Exorcists, assigned to that ministry by their bishops, demonstrate the love and care of the Church for “those who suffer because of the work of the devil,” Pope Francis said in a message to the International Association of Exorcists.
The organisation, which was recognised by the Congregation for Clergy in June, brought some 300 exorcists to Rome for a convention focused particularly on the impact of the occult and Satanism on modern men and women.
In an October 27 interview with Vatican Radio, Dr Valter Cascioli, a psychiatrist and spokesman for the group, said the number of people who turn to the occult or are fascinated by Satanic cults and rituals “is constantly increasing and this worries us” because it appears to coincide with “an extraordinary increase in demonic activity”.
Cascioli said too many people today undervalue temptation, “ordinary demonic activity,” which leaves them unprepared to fight off greater attacks by the devil.
In societies marked by “rushing, superficiality, exaggerated individualism and secularisation,” he said, “the battle against evil and the devil increasingly is becoming an emergency.”
Where faith is weak, he said, “the enemy of God” finds easy prey.
The exorcists’ association, Cascioli said, sees the impact of the devil’s wiles on families as well as individuals. “We know that the one who divides — the devil — not only separates us from God, but separates persons and families.”
Meanwhile, Francis told his own science academy that the Big Bang theory and evolution do not eliminate the existence of God, who remains the one who set all of creation into motion.
And God’s existence does not contradict the discoveries of science, he told members of the Pontifical Academy of Sciences on October 27.
“When we read the account of creation in Genesis, we risk thinking that God was a magician, complete with a magic wand, able to do everything.

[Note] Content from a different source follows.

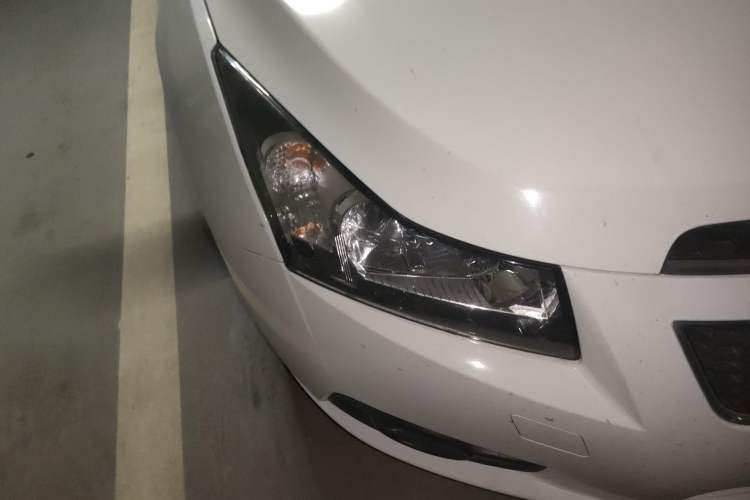 Used Chevrolet Cruze 2014 1.6L SL Millionth Anniversary Edition MT Right Front Headlight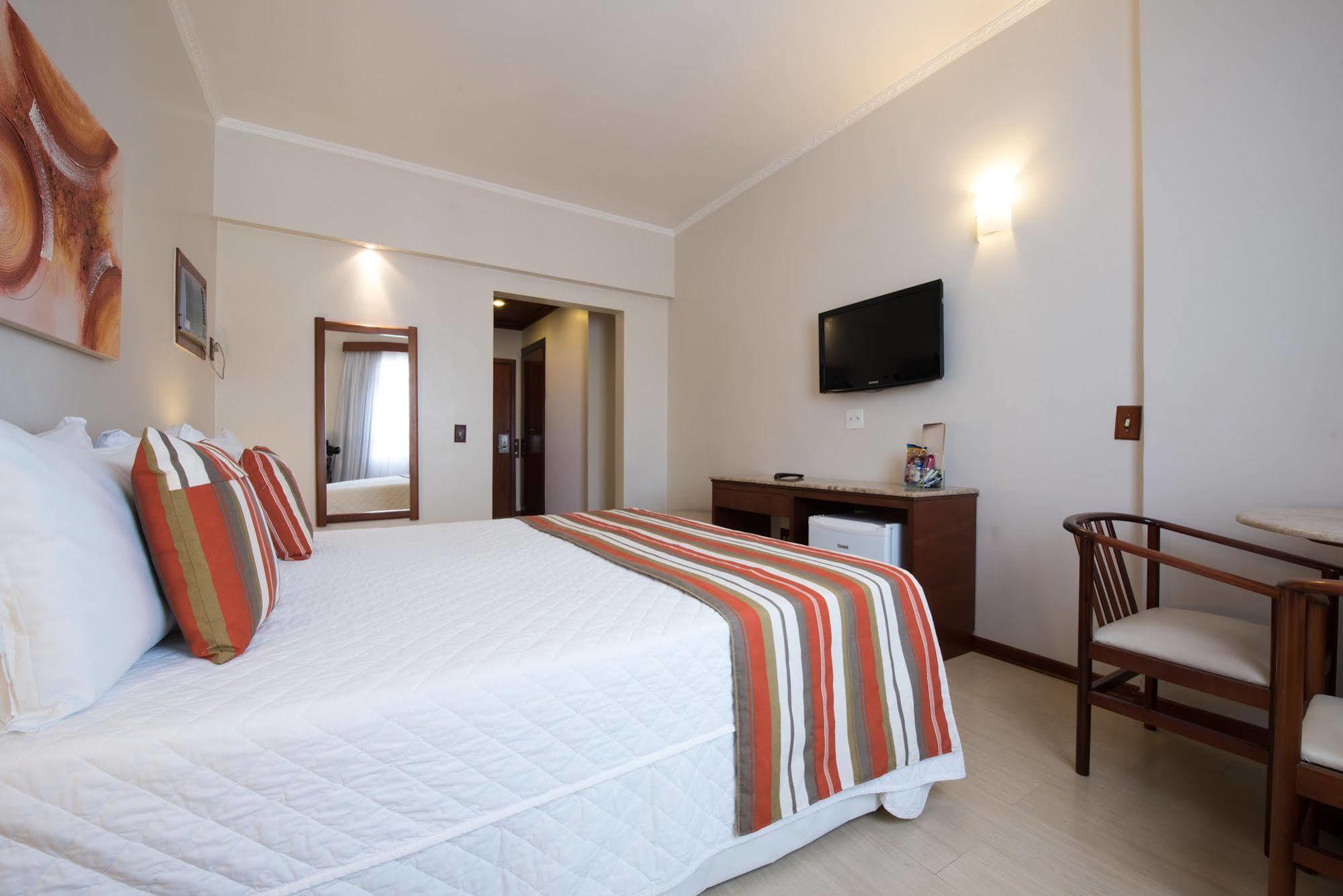 Hotel Carlton Plaza Poços de Caldas Esterno foto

But it is not like that,” he said. “He created living beings and he let them develop according to the internal laws that he gave each one, so that they would develop and reach their full potential.”
God gave creation full autonomy while also guaranteeing his constant presence in nature and people’s lives, he said.
The beginning of the world is not a result of “chaos,” he said, but comes directly from “a supreme principle that creates out of love.”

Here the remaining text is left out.